■ **Problem description**:
Extract the full listing verbatim and drop any pictures from your copy.

■ **Data below**:
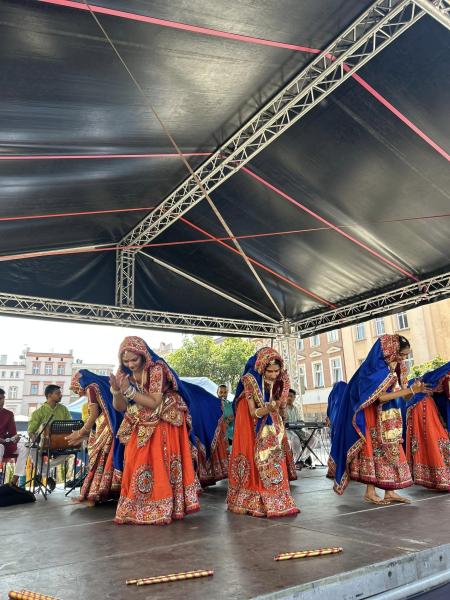 Indyjskie tańce i muzyka na ząbkowickim rynku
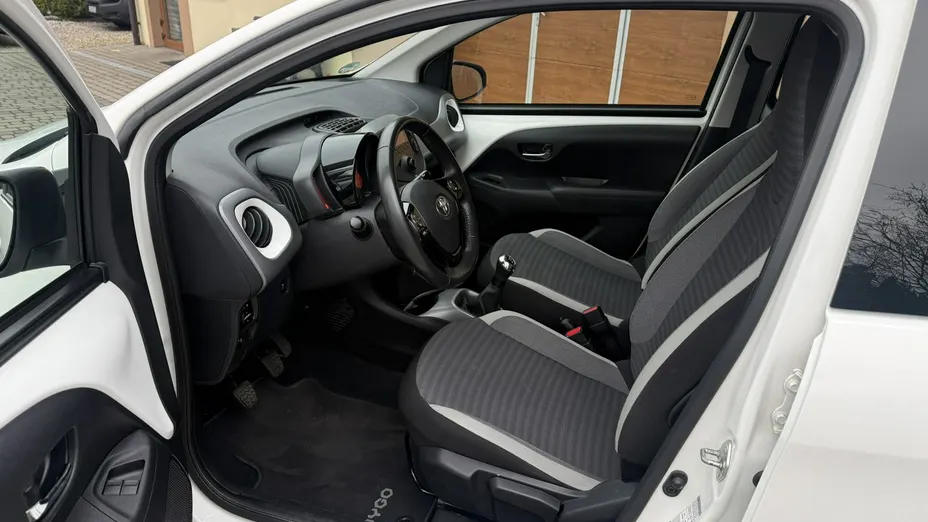 TOYOTA Aygo -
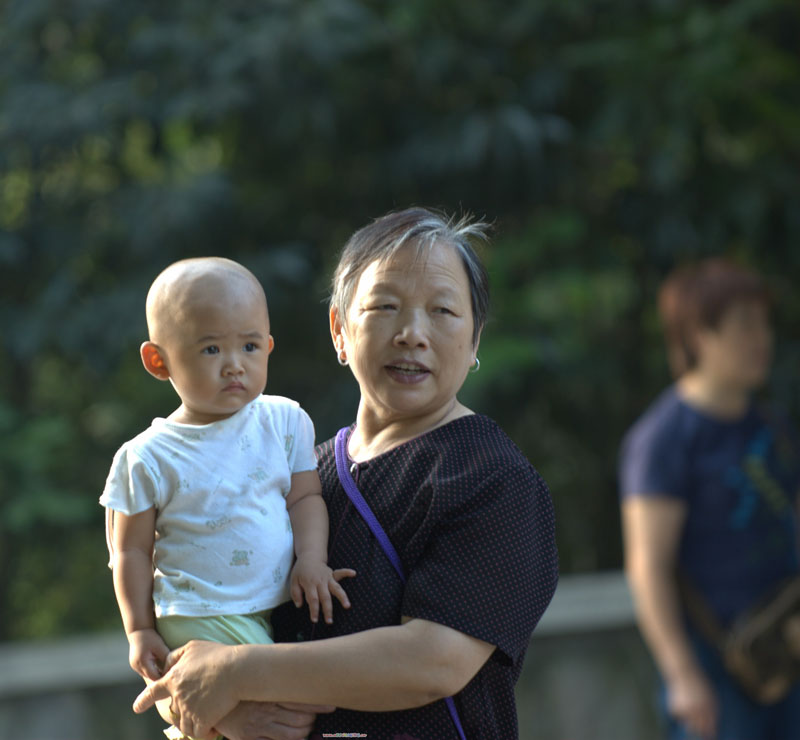 婆孙俩 摄影 A冰馨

■ **Answer for this exercise**:
 Indyjskie tańce i muzyka na ząbkowickim rynku
 TOYOTA Aygo -
 婆孙俩 摄影 A冰馨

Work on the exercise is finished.